» **DATASET ENTRIES**:
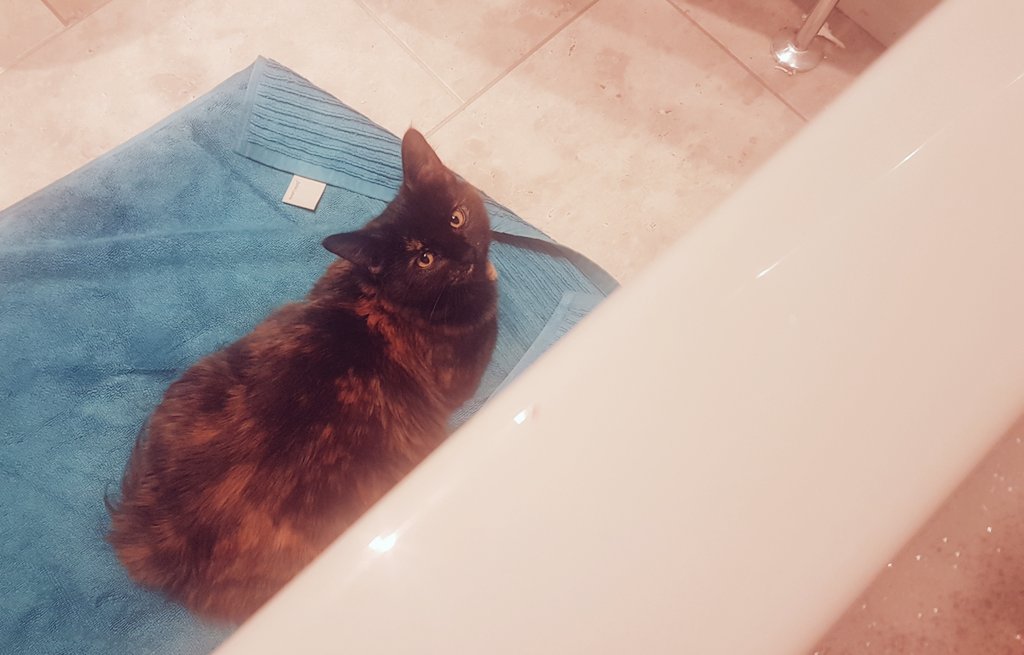 jobellerina's tweet photo. Just having a peaceful undisturbed bath now child is in bed...oh, wait #HeyCookie 🙈🤣 https://t.co/NGsRcxi1dz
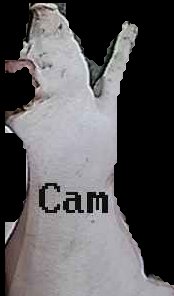 Crop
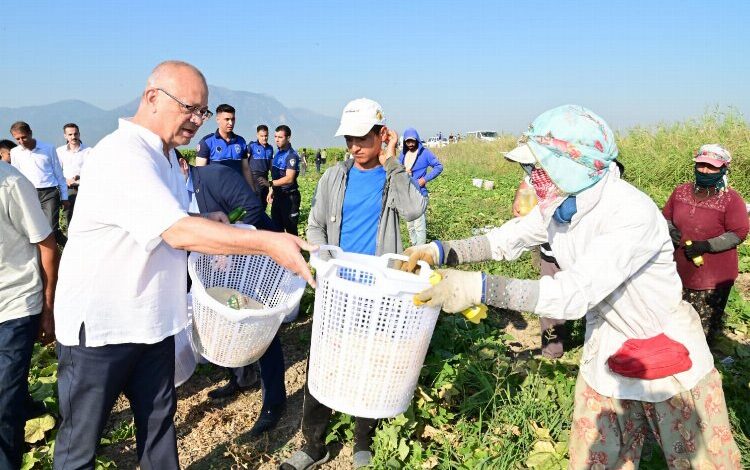 Manisa’da tarım emekçileriyle hasat vakti buluşması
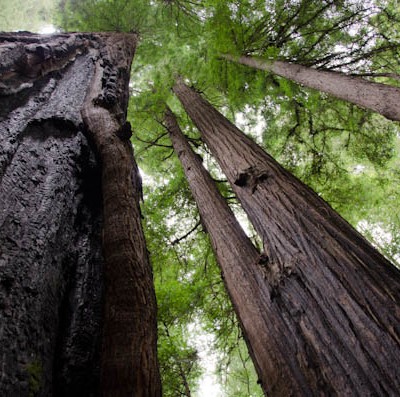 Feeling Small on The Avenue of the Giants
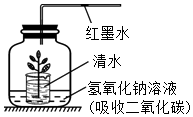 菁優(yōu)網(wǎng)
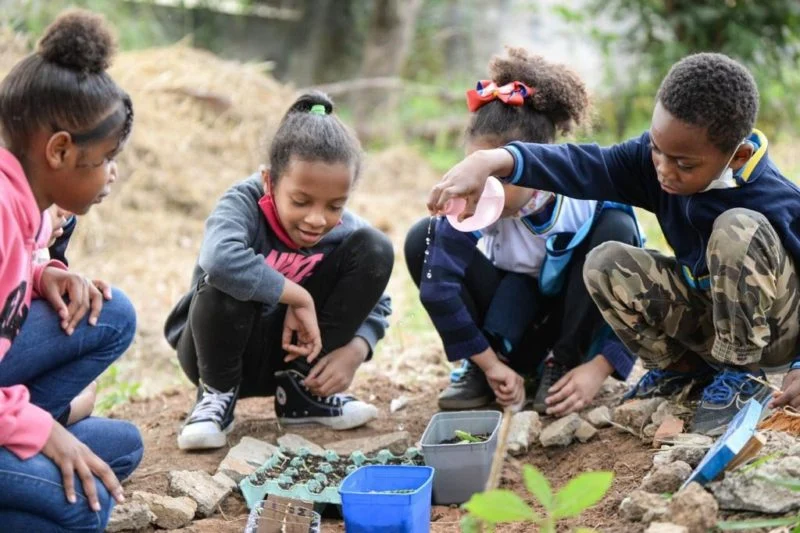 Escola Socioambiental de Barra Mansa é semifinalista em premiação – Barra Mansa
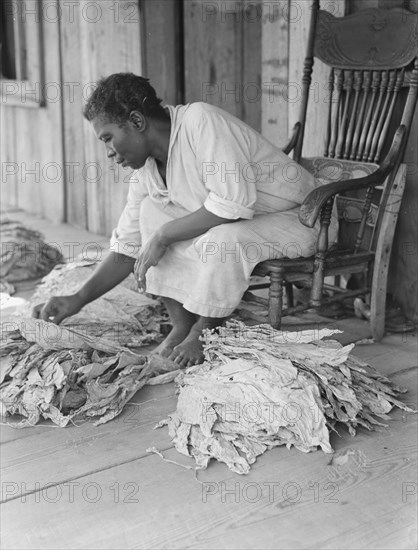 Near Douglas, Georgia, 1938. Creator: Dorothea Lange.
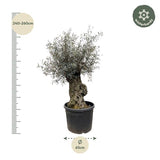 Olijfboom / Olea Europaea Bonsai - ↕250cm- Ø65cm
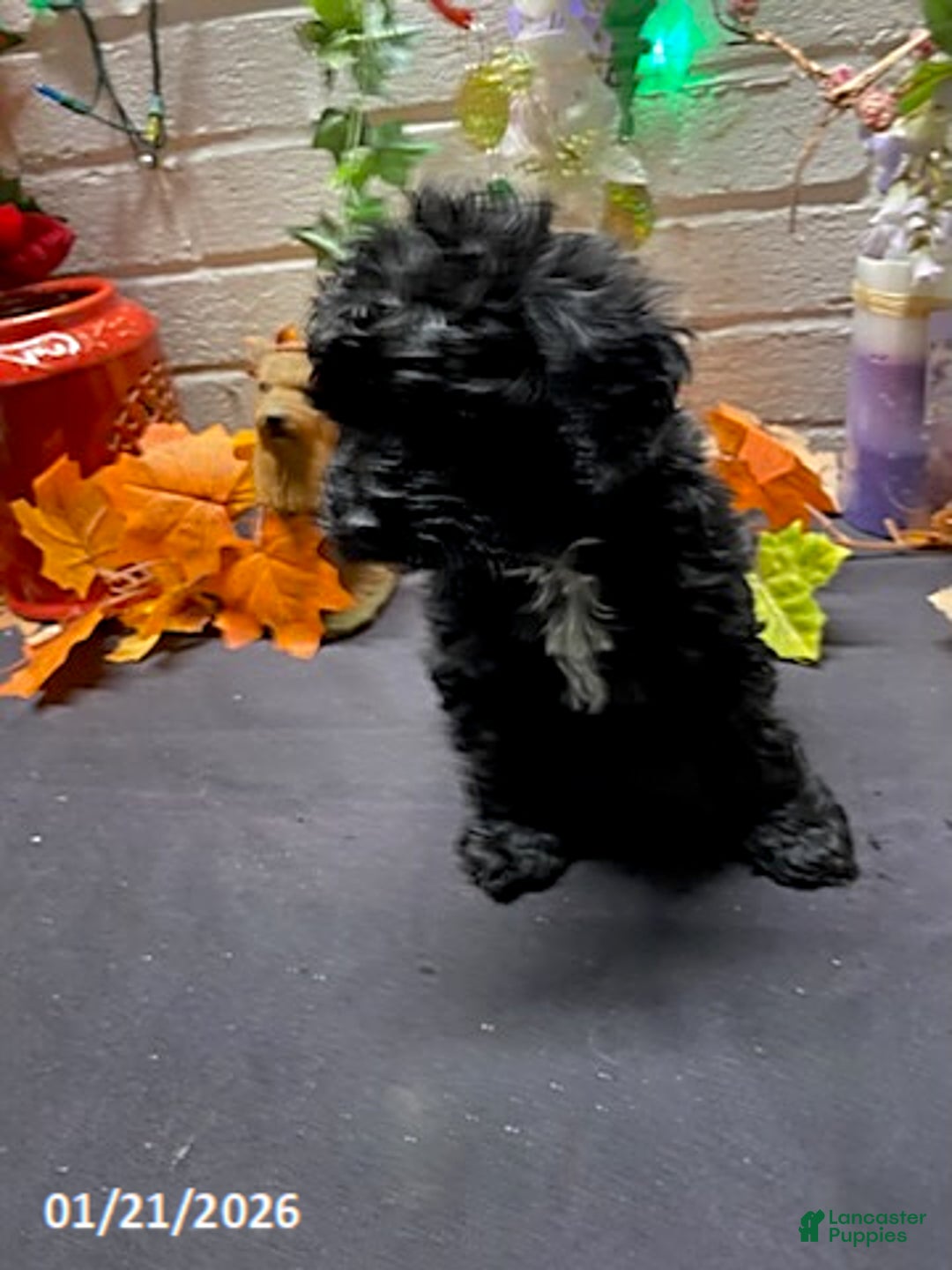 Cockapoo dogs for sale: Ace - Ad 1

» **WORK TO COMPLETE**:
Word for word, set down the lines from the line with "Manisa’da tarım emekçileriyle" through the last line of the entries, and nothing else; the pictures stay out.

» **TASK OUTPUT**:
 Manisa’da tarım emekçileriyle hasat vakti buluşması
 Feeling Small on The Avenue of the Giants
 菁優(yōu)網(wǎng)
 Escola Socioambiental de Barra Mansa é semifinalista em premiação – Barra Mansa
 Near Douglas, Georgia, 1938. Creator: Dorothea Lange.
 Olijfboom / Olea Europaea Bonsai - ↕250cm- Ø65cm
 Cockapoo dogs for sale: Ace - Ad 1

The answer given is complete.